The Best American Crime Writing (49 page)

Some of the men brought their motorcycle helmets to Santana. Others had cut their wives’ and mothers’ pantyhose to make masks. Rubens, 20, had gotten use of his boss’s boat, a twenty-foot wooden
catraia
, the most common kind of boat on the Amazon. The men pooled their money, bought five reals’ ($2.15) worth of gas, and then pointed the boat toward the ocean. At close to ten o’clock, Rubens drew the
catraia
flush with the far side of the
Seamaster
, away from the lights of Macapà so that only the monkeys and birds of the jungle could have seen the men climb on board. He killed the motor and lashed the
catraia
to Blake’s boat. As always in Macapà, it was hot and windy, and the water, which carries so much silt it looks like roiling, molten peanut butter, was covered in baby whitecaps. The six of them sat quietly for a few minutes, observing the crew. Everyone on the
Seamaster
was listening to
what Ricardo called “loud foreign music.” Some of them were dancing, and many of them were talking in loud foreign voices.

The first two aboard were Ricardo and Isael, each with a 7.65-millimeter pistol; Reney, Josué, and José followed. Rubens stayed in the boat and waited for the getaway. Almost immediately, things got complicated. “This is a robbery!” Ricardo screamed. “Everyone get down on the floor!” But the crew did not speak any Portuguese and didn’t seem to understand what these men were doing on their boat, wearing stocking masks and waving guns. One of the crewmen tossed a can of beer at the intruders. Someone else threw a jar of mayonnaise at them.
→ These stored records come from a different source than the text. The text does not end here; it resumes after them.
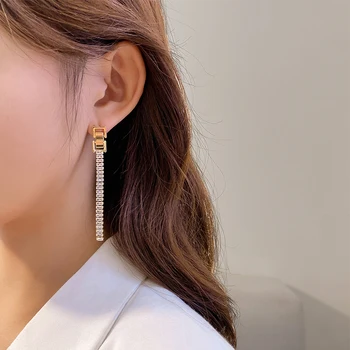 Klassikaline, Lihtne Pikk Crystal Tutt Trapetsikujulise Kõrvarõngad Naine korea Fashion Ehted Pulmapidu Tüdruku Luksus Tarvikud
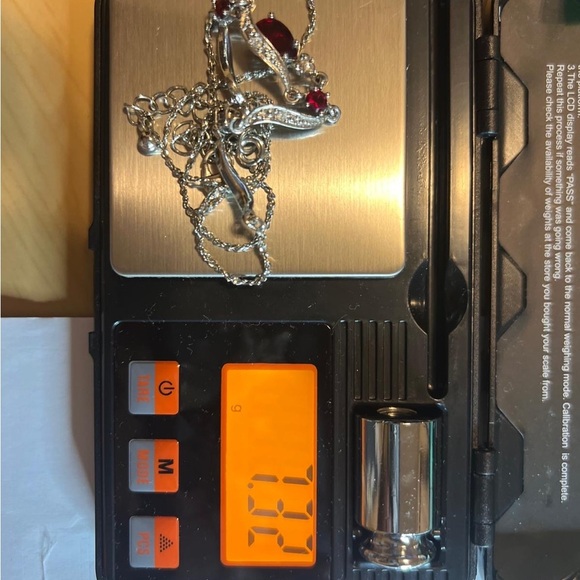 Elegant Silver Necklace with Red and White Zircon Pendant - Picture 3 of 3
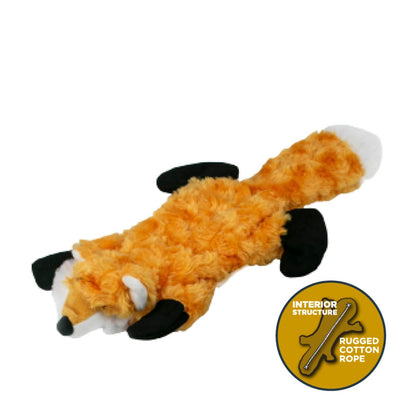Tall Tails Plush Stuffless Fox With Interior Rope Dog Toy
Later, none of the crew would talk specifically about what happened that night; they were worried about the effects it might have on the trial, which, when this story was written, was still in progress. According to one person on the boat, “The crew were totally out of their depth. When someone comes on board with a gun, there’s a certain script you’re supposed to follow, and they didn’t follow it. It could have been worse than it was.”

Rodger Moore, 55, decided to fight. He pushed Ricardo, and Ricardo shoved back. The operation seemed on the verge of chaos, so Ricardo pistol-whipped Moore and knocked him out. While Ricardo herded the rest of the crew together, he saw a tall white man run downstairs. He figured the man was going to radio for help and sent Isael to follow him.
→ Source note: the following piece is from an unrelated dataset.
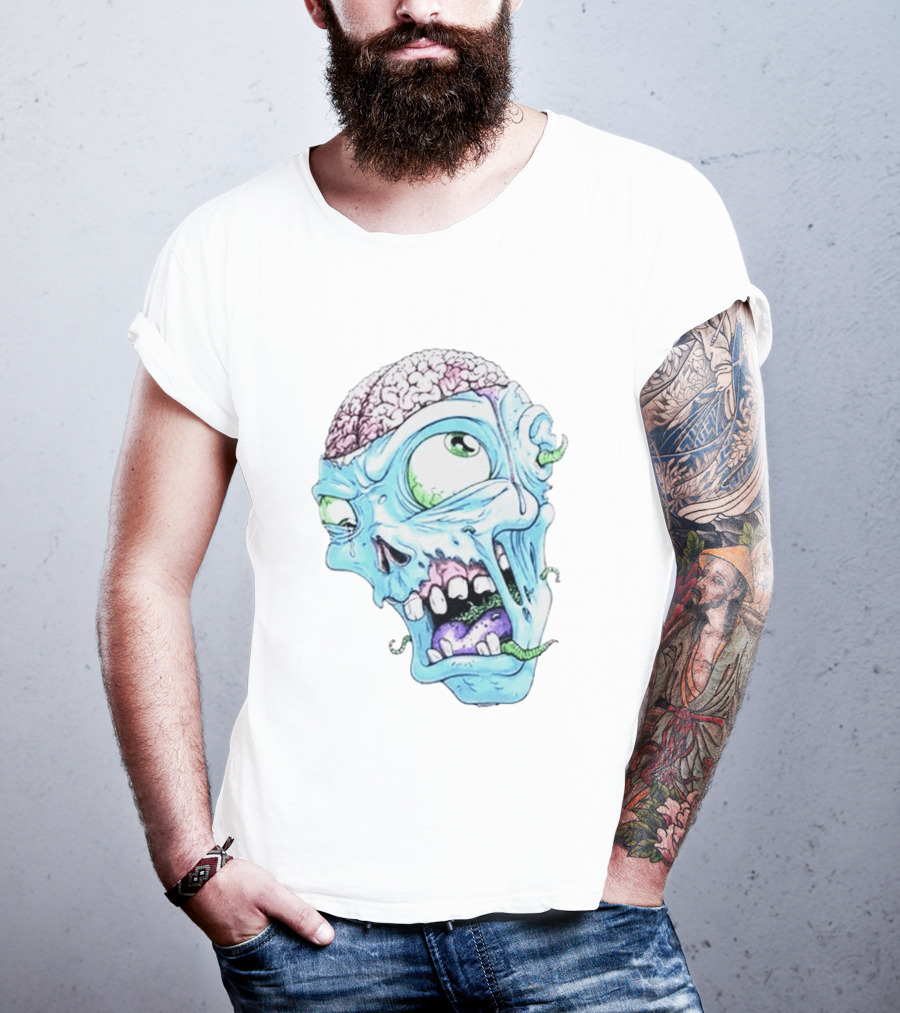 Annoyed Monster Head Zombie Skull Illustration With Exposed Brain And Worms T-Shirt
As soon as he saw Moore being pistol-whipped, Blake had turned and gone downstairs. One of the crew members heard him saying, “Is this for real?” Blake was going for the Winchester .308 rifle he kept in his cabin. Before he and his wife, Pippa, had left on their honeymoon, sailing around the pirate-rich Red Sea in 1979, Blake had trained on a rifle range so he could protect them.

David Alan-Williams says, “Peter was always quick to identify a problem, and he’d often fix it himself. If something was wrong at
the top of the mast, he was the first to go up there, even if the boat was pitching back and forth in storm conditions.”
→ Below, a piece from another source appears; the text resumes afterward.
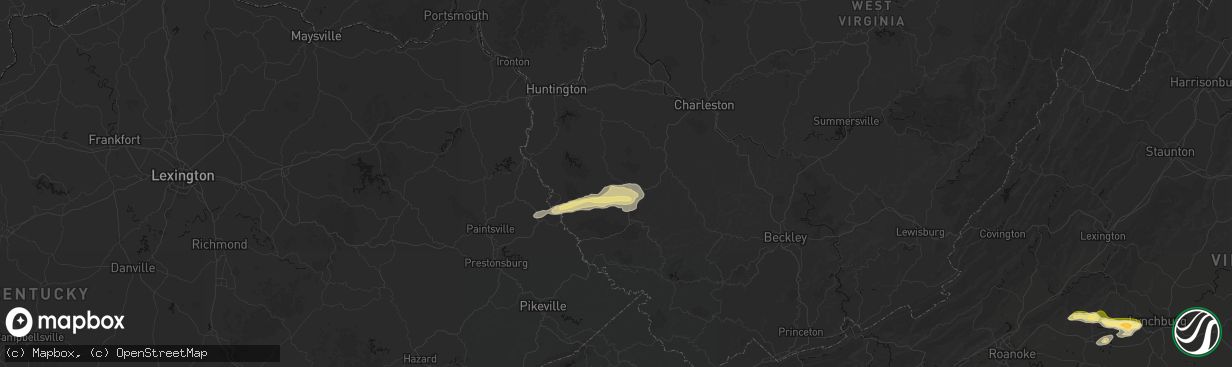 Hail map in Harts, WV on April 1, 2026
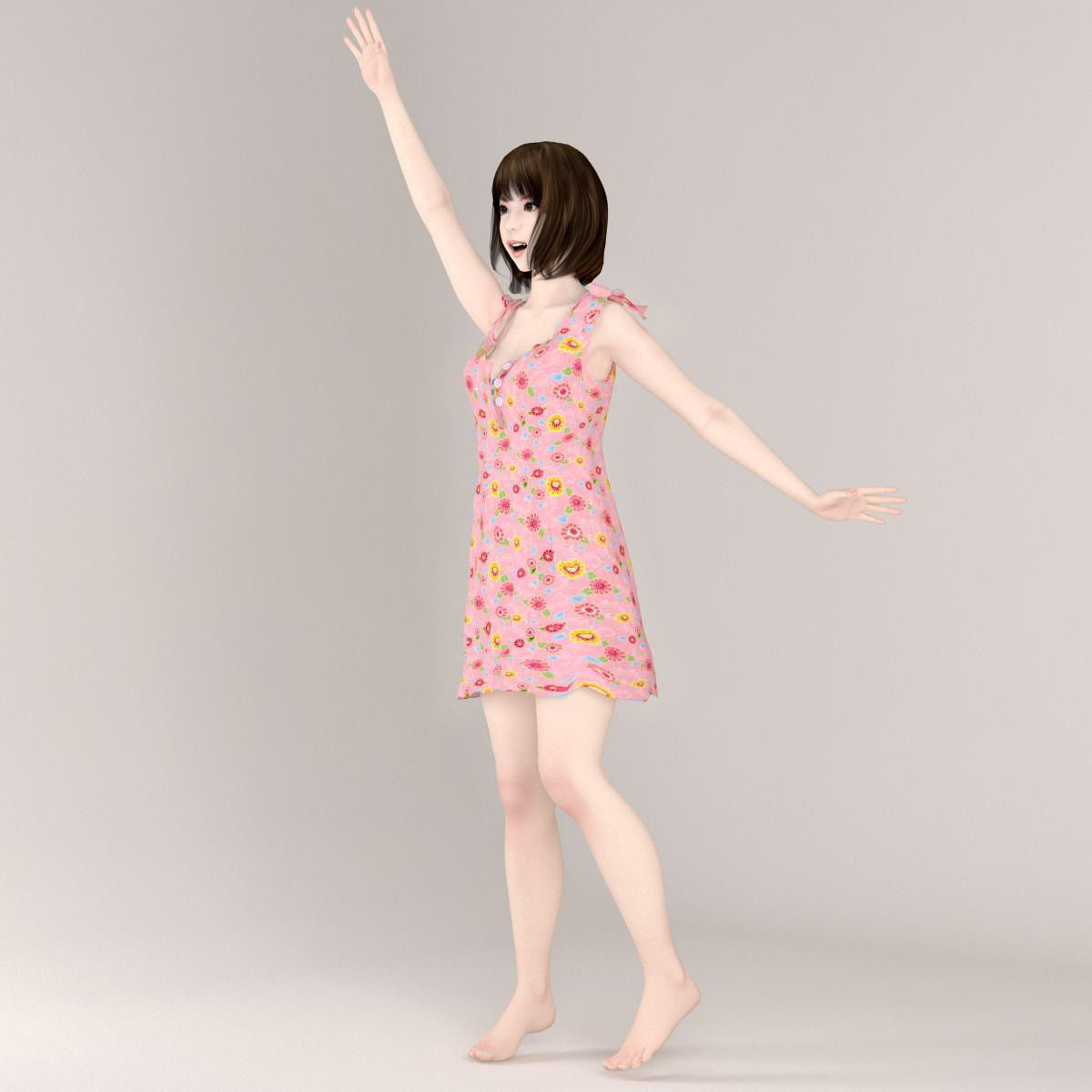 Mariko dress pose 04 3D model_5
Leon Sefton had been below deck reading a book when he heard the commotion. He got up to investigate, and as he neared the stairs he saw Isael, short and taut, with a mask obscuring his face. Isael pointed his pistol at Sefton’s head and Sefton got on the ground. Then Blake’s cabin door opened, and he came out. He leveled his gun at Isael and said, “Get the fuck off my boat.”

Sefton watched Isael break for the deck and, in a moment, Sefton heard shots. He can’t say who shot first; he doesn’t know the sounds of guns well enough. A spokesman for the federal police says, “Probably it was Peter Blake who shot the first time. Maybe if Mr. Blake did not shoot, maybe if he did not have a gun, maybe the criminals would not have shot anyone.” But the prosecutor trying the case says, “Isael behaved as if he were leaving the boat, and Peter Blake followed him. Then, once he got to the top of the stairs, Isael turned and shot at Peter Blake.”

One way or another, Isael and Blake began shooting at each other, Isael at the top of the stairs and Blake behind the wall at the bottom, turning to shoot upward. Rubens, in the
catraia
, heard the gunfire, jumped into the river, and hid beneath his boat. In the confusion, the Brazilian cook got into the control room, locked the door, and radioed for help, but the radio was still tuned to the wrong frequency and he could raise only the harbormaster in Manaus, nearly a thousand miles away.

Isael’s bullets made holes in the aluminum walls of the cabin, and shots from Blake’s Winchester tore through the canopy. Blake hit Isael in two places—piercing his forearm and blowing off two fingers. The prosecutor says this was a show of both Blake’s restraint and, as he would write in the indictment, “utmost precision.” A defense lawyer says that Blake shot at Isael point-blank, and would have killed him had he been sober. After Isael was hit, Ricardo ran to the stairway and began shooting into the cabin.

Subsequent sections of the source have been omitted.